• YOUR INSTRUCTIONS:
Output all entries verbatim. Skip pictures.

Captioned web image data

+--

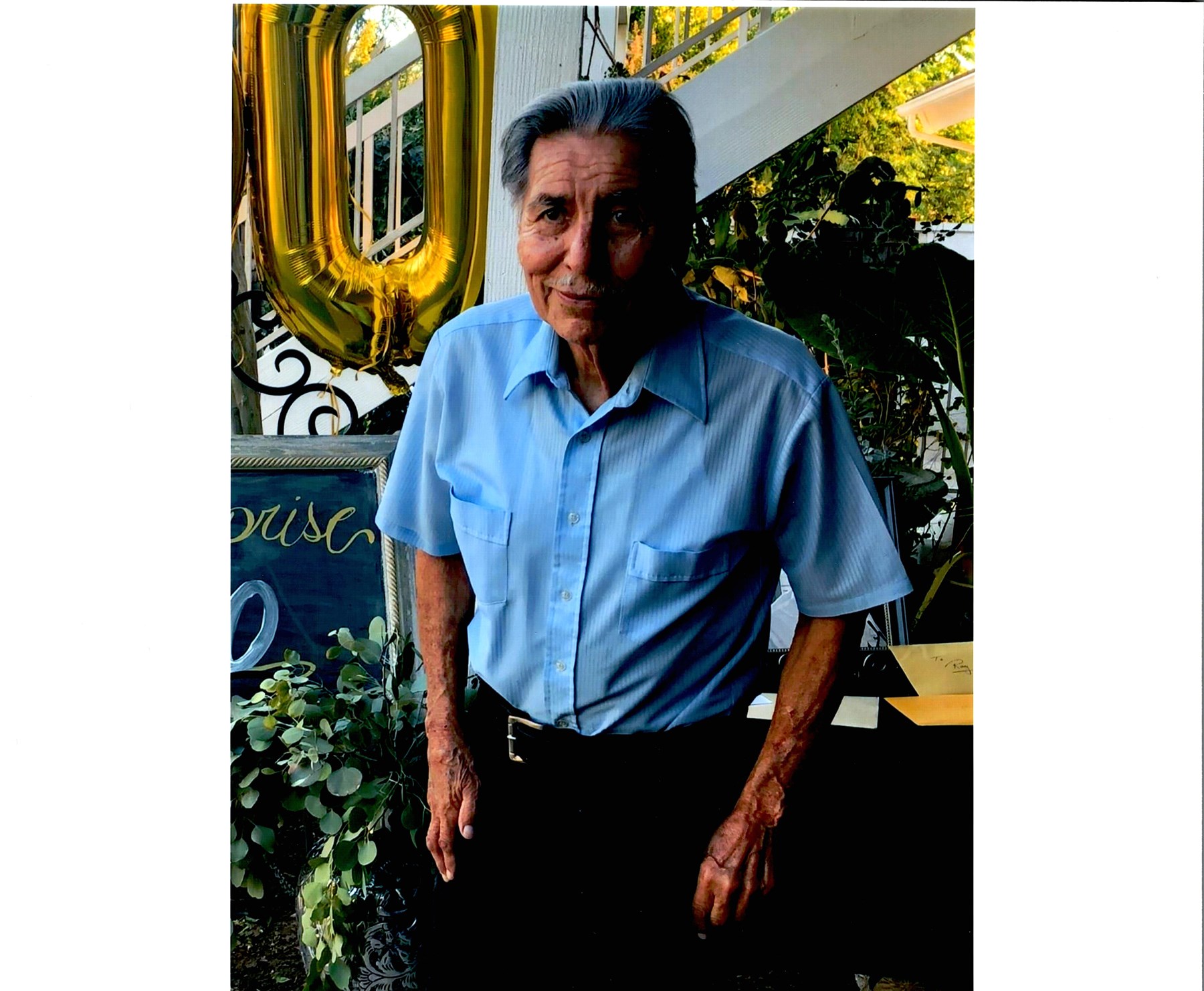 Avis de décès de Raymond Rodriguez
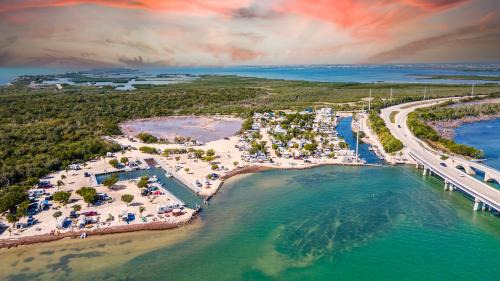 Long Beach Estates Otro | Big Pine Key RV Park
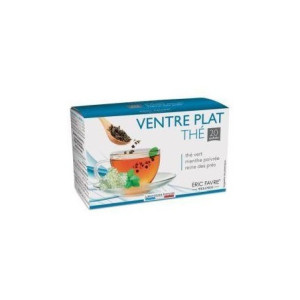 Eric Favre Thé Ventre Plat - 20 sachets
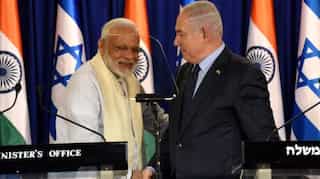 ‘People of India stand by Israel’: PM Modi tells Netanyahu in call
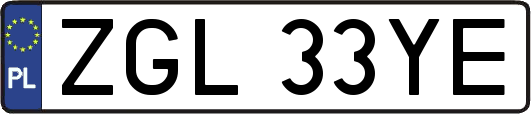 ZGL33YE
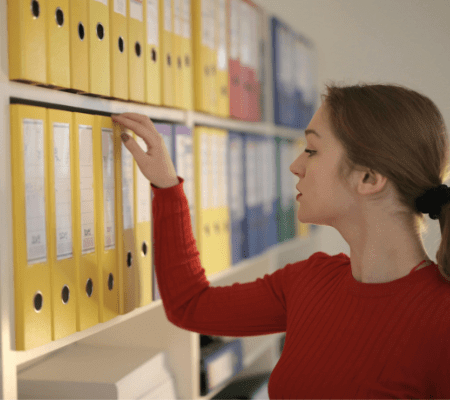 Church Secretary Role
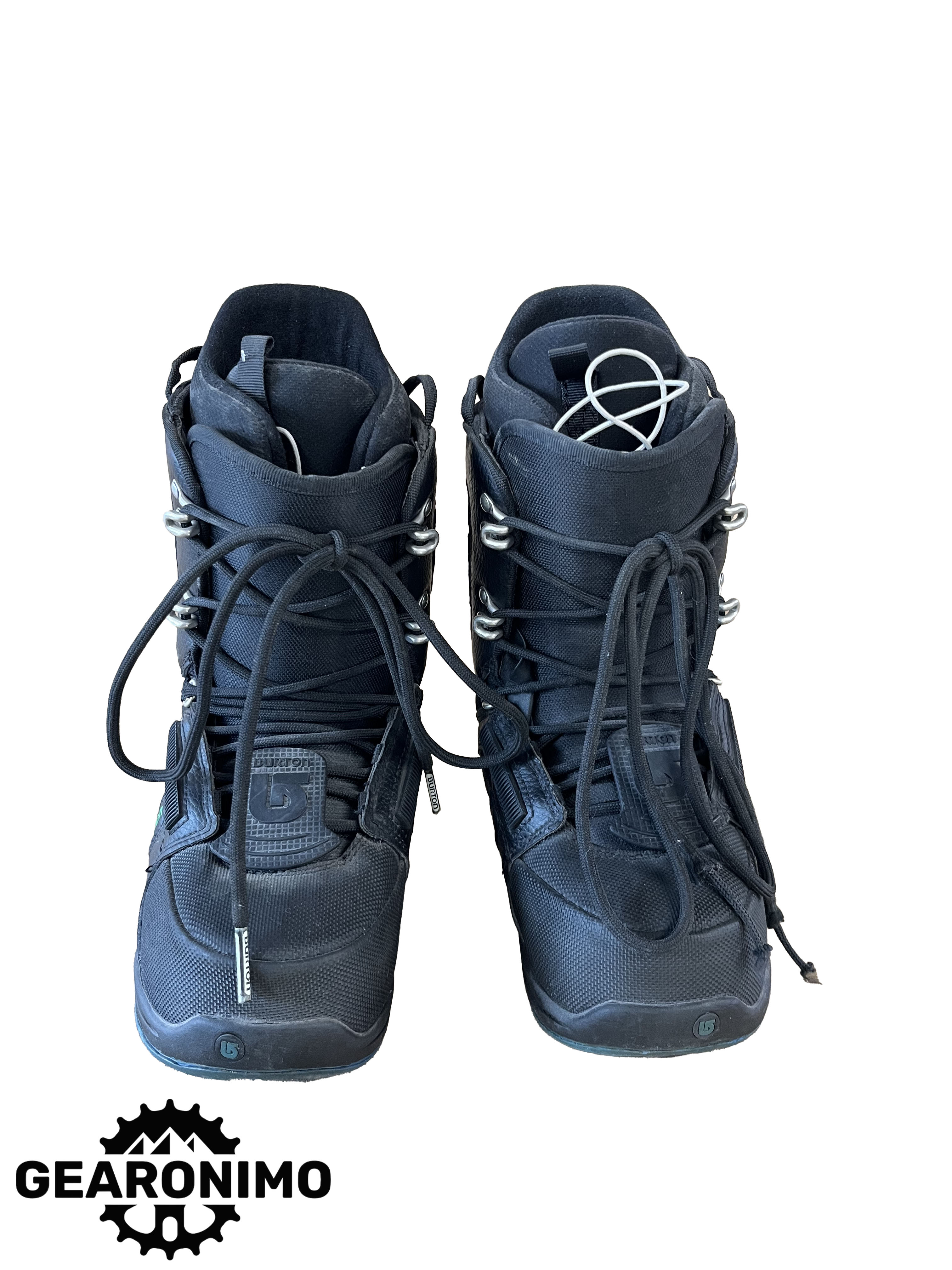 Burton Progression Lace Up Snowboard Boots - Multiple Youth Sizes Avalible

+--

• RESPONSE TO THE TASK:
 Avis de décès de Raymond Rodriguez
 Long Beach Estates Otro | Big Pine Key RV Park
 Eric Favre Thé Ventre Plat - 20 sachets
 ‘People of India stand by Israel’: PM Modi tells Netanyahu in call
 ZGL33YE
 Church Secretary Role
 Burton Progression Lace Up Snowboard Boots - Multiple Youth Sizes Avalible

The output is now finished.